Telecom has opened the door to more competition in the mobile phone market, signing a deal with Auckland company Digital Island that will allow the niche business communications provider to on-sell Telecom mobile services under its own branding.
Under the agreement, however, Digital Island will not gain early access to Telecom's soon-to-be-launched new 3G mobile network, which the incumbent plans to keep to itself until 2011.
The agreement with Telecom means Digital Island becomes a "mobile virtual network operator" enabling it to sell mobile products and services without the need to build its own physical network at a cost of hundreds of millions of dollars.
The MVNO model is popular in overseas markets and has been touted as one way of upping competition - thereby reducing costs to phone users - in the New Zealand mobile arena.
Black + White launched a MVNO service focused on the consumer market in October last year after finalising an agreement to use Vodafone's mobile network. Two other telco operators have signed similar agreements with Vodafone though neither has yet launched its planned service. TelstraClear markets mobile services which run over Telecom's network.
The Digital Island deal is the first negotiated through Telecom Wholesale, the operationally-separated wholesale arm of the company set up in 2007 as a result of Government moves aimed at raising competition for fixed-line telecommunications services.
While operational separation requirements were not imposed on the company's mobile business, Telecom Wholesale chief executive Matt Crockett said the company was applying the same principles when dealing with its wholesale mobile customers.

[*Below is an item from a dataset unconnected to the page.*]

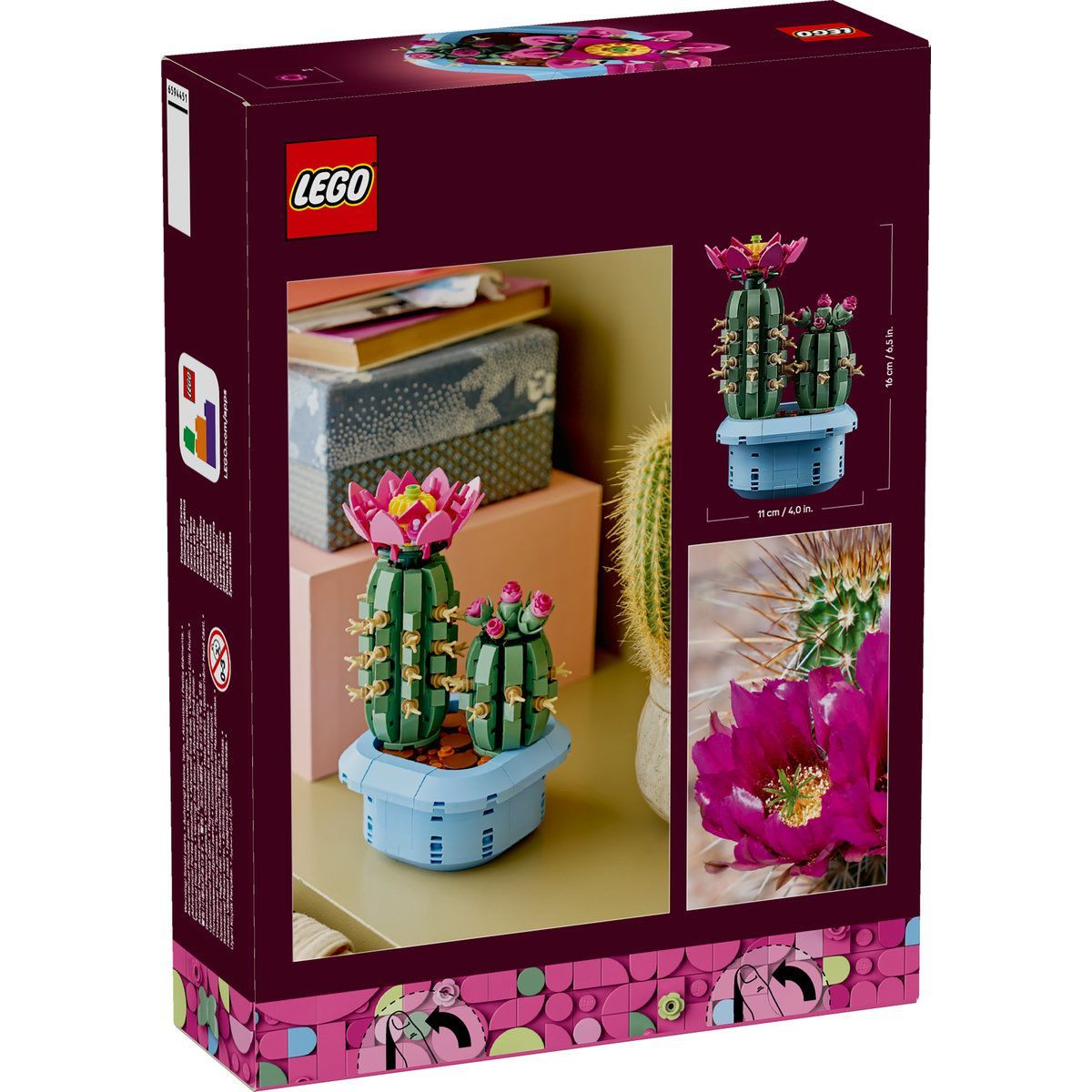 LEGO BOTANICALS CACTUS INFLORIT 11509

"We think that's a good way to operate. It gives our [wholesale] customers confidence that they are being treated independently and that they can trust us with confidential information."
Crockett said while Telecom was not required to provide MVNO services, at a group level it made business sense to do so.

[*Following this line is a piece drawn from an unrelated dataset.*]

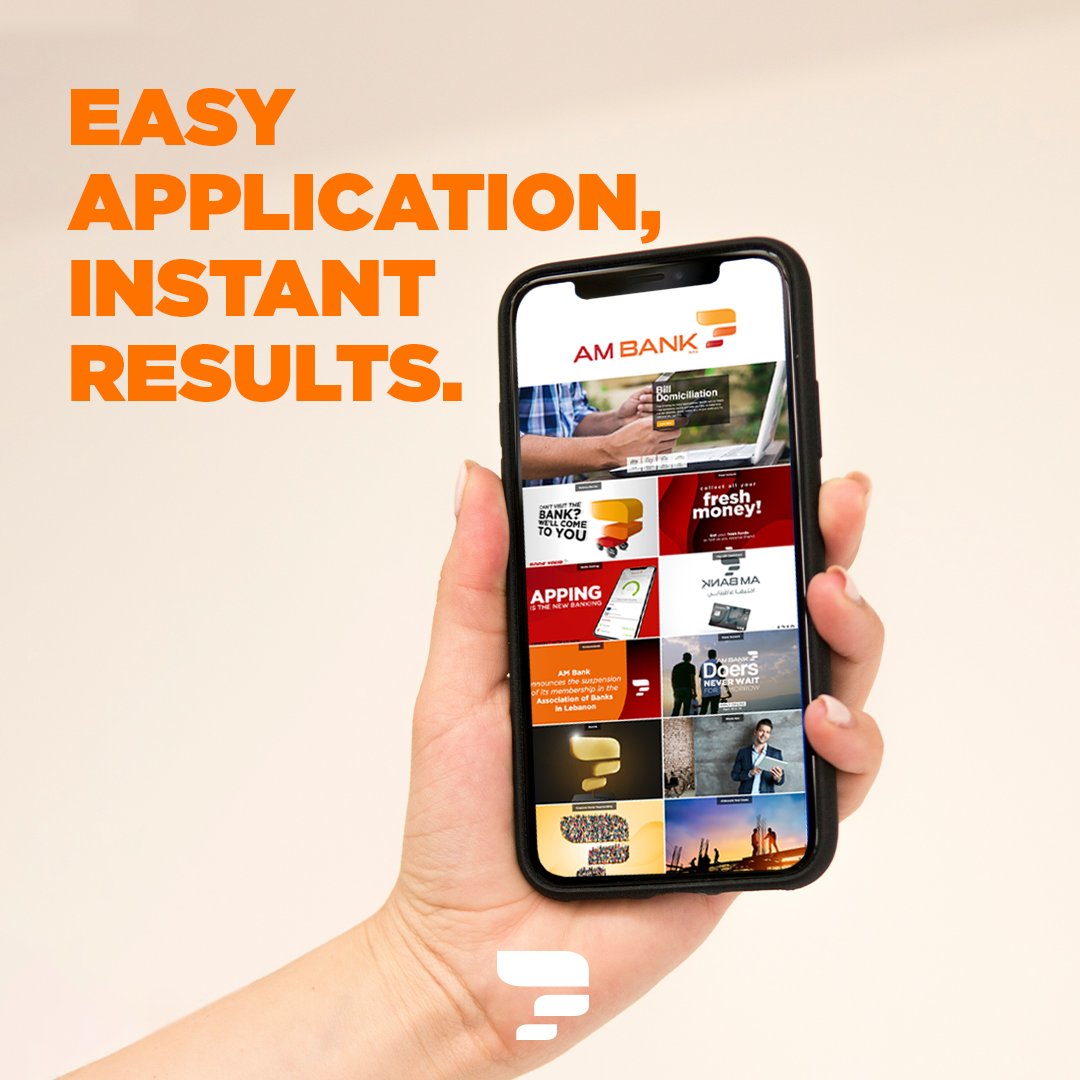 Our application speaks your language of simplicity.

#Onlineapp
#Smartbanking
#AMBank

Adding more users to its network would increase its strength against rival Vodafone and newcomer New Zealand Communications, which is expected to launch the country's third mobile network this year.
"Telecom may be the fixed-line incumbent but we're no longer the mobile incumbent, so part of it is [about adding] channel partners to market to get scale on our network versus other networks," Crockett said.

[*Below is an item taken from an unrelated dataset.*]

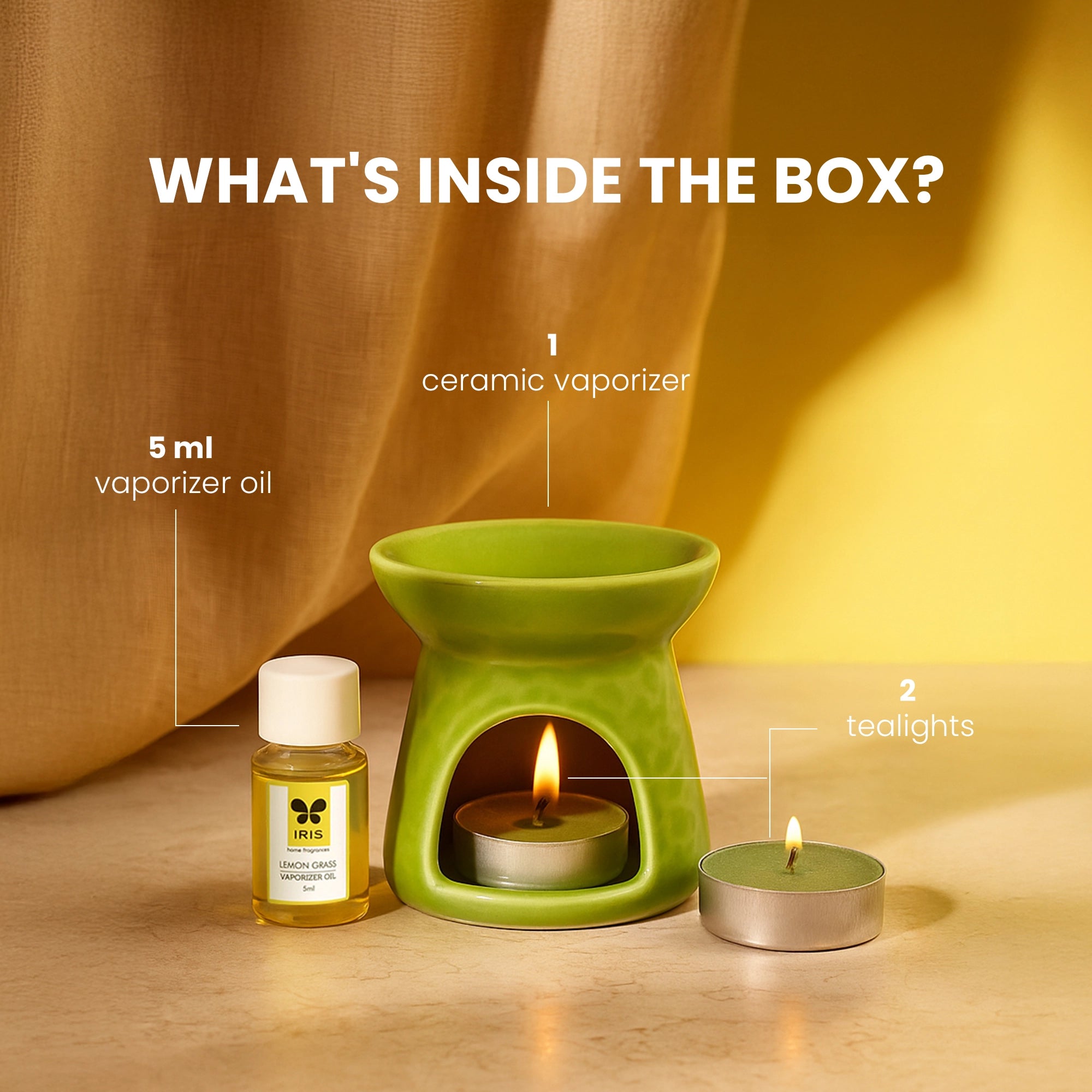 IRIS Lemongrass Vaporizer 217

Digital Island has grown strongly since its launch in 2004 and now provides communications services to several thousand small and medium-sized businesses. General manager Blair Stewart said the MVNO agreement would give the company an important edge by allowing it to offer a full suite of products to customers.
Stewart said the company expected customers would be able to cut mobile costs by about 20 per cent as a result of moving to its service.
Digital Island would also sell mobile handsets and offer customers its own range of phone numbers, although it was expected most would bring existing numbers from Telecom or Vodafone accounts to the new service.
Telecom is due to launch a new faster, more advanced 3G network based on W-CDMA technology on June 1, which will run in parallel with its existing CDMA until at least 2012.
The company has previously said it would not allow competitors access to its new W-CDMA network until 2011 and Crockett said yesterday that policy would apply to Digital Island.
"Telecom has decided that it is most appropriate to have a period of exclusivity to allow for a differentiator for its retail and Gen-i units."
Stewart said the arrival of MVNO agreements, together with the upcoming launch of New Zealand Communications' third network could mean there would effectively be six or seven mobile service providers competing for customers this year.